With all the catchy advertisements maligning against our budgets and social media channels smirking at us for having spent more to show-off our lifestyle, our wallets are left wounded. Literally wounded. With bandaged card slots and a swollen zipper. Rude. So, why not start with cutting unnecessary expenses? I can almost hear my wallet get giddy with all the anticipation. Strain your ears a bit, and you’ll hear it too. Without further ado, let’s dive into the things that we’re all spending way too much cash on:
You knew this one was coming, right? That’s why you’re longingly gazing at your coffee as you scroll through the FGB site. The sad news is that an average American worker dishes out $1,100 annually on coffee. That’s $1,100. You read it right.
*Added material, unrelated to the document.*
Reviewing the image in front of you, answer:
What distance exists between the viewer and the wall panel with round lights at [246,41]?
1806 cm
Invest in a home coffee maker instead and do your budget a major favor.
With Netflix, Hulu, and the rest of the internet taking the lion’s share of attention, there’s no reason to shell out money for a traditional cable provider. A piece on Money.com shared that folks between the age range of 14-24 spend 46% of their time on their phone, PC, or tablet. Consequently, several young people are not spending on a TV at all, let alone the cable. Don't buy those expensive packages past generations have been reliant on!
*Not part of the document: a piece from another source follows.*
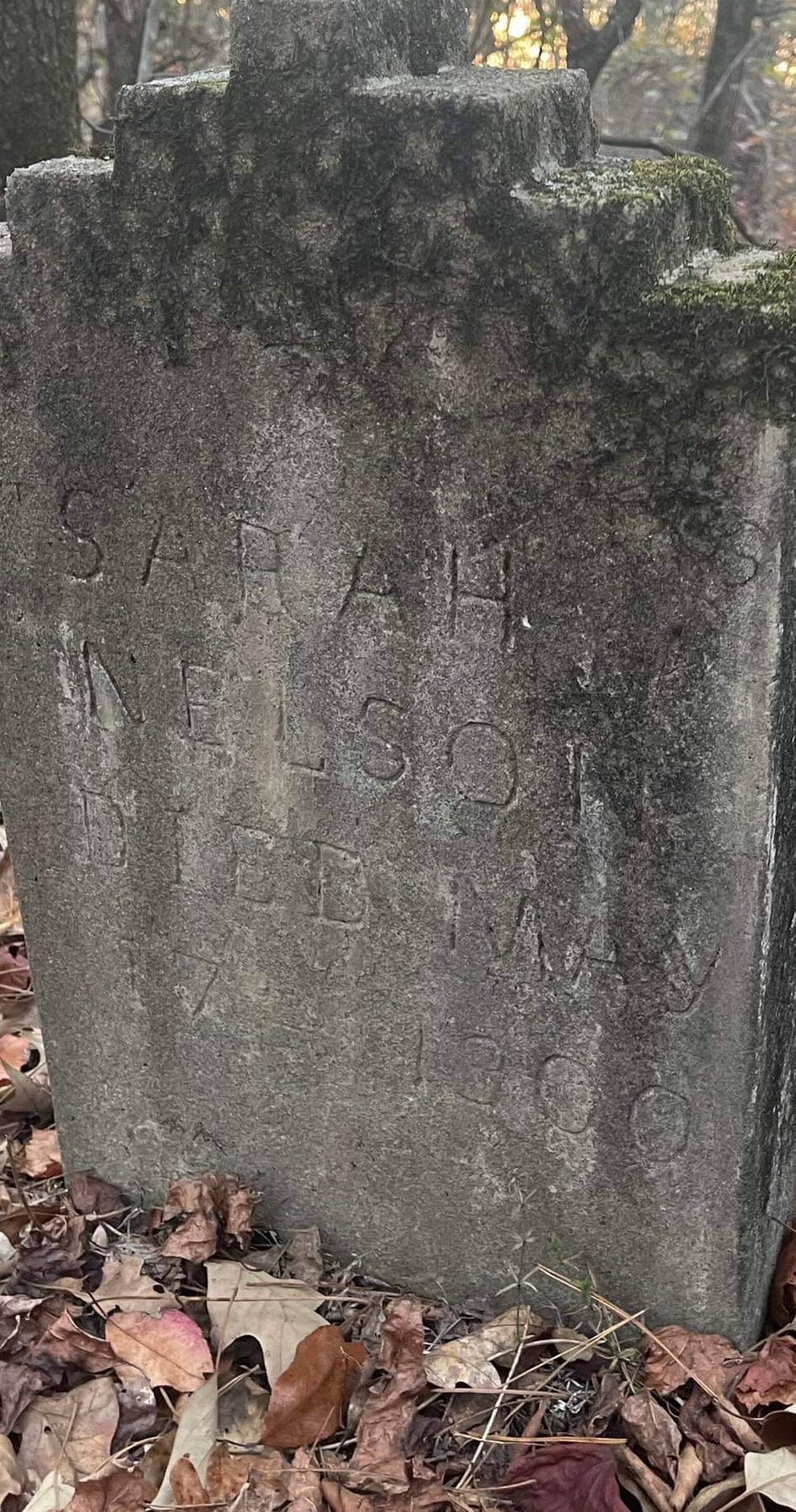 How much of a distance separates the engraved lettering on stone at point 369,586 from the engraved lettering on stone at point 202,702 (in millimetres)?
280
Hunger has a remarkable sense of time. It always strikes when we’re out running errands or at the gas station. Supposedly, the very sight of snacks can be provocative for the tummy, which explains why spending on snacks like beef jerky and chips has increased a lot more than grocery shopping. Carrying some nuts, baby carrots, or other such snacks can save you from making a beeline to the snacks aisle every time you're out.
This easily avoidable expense makes your budget hysterical. Let’s allow the numbers to do the talking here; At an average price of $1.22 per gallon, you’re spending 300 times more on bottled water than tap water. Business Insider revealed this statistic with a bold headline: “Bottled Water Costs 2000 Times As Much As Tap Water.” No wonder our wallets panic at the sight of those glistening bottles.
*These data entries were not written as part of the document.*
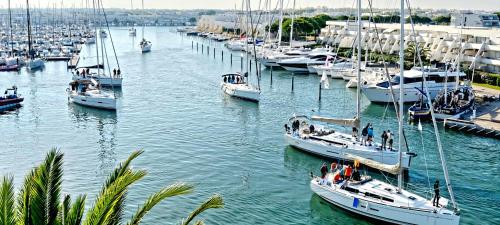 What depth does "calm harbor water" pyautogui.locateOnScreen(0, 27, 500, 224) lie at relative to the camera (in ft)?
110

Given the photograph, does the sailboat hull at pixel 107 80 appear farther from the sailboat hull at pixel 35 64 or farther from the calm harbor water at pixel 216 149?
the sailboat hull at pixel 35 64

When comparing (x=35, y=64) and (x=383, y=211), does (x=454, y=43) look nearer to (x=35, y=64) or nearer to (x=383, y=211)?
(x=383, y=211)

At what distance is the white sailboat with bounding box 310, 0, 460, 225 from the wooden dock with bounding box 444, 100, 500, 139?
18816 mm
Finance writer Maggie McGrath warns that your friends and social life may also be jeopardizing your budget plans. It’s particularly apparent when you order a salad to save money, but your friends order extra wine and desserts and insist on splitting the bill evenly. Or when you end up ordering more food than you planned just because you were out. McGrath writes, “Financial peer pressure is subtle; it will appear during moments when you just want to fit in or go with flow.”
Lunch breaks are a good time to step out of your office and de-stress a bit. But getting lunch daily can slow poison your monthly expenses, even if it starts at only $10 per day. Add your lunches together, and you’ve $50 per week, which is roughly $2,600 in a year. A bit too much, isn’t it? Packing lunch wins in contrast.
While we can go on adding items to this list, the bottom line is that there are several areas where we’re splashing out money and draining our budgets. Look out for such expenses. As you cut them, you’ll notice how avoiding these small expenses can stitch up your wallet and give you a healthy budget.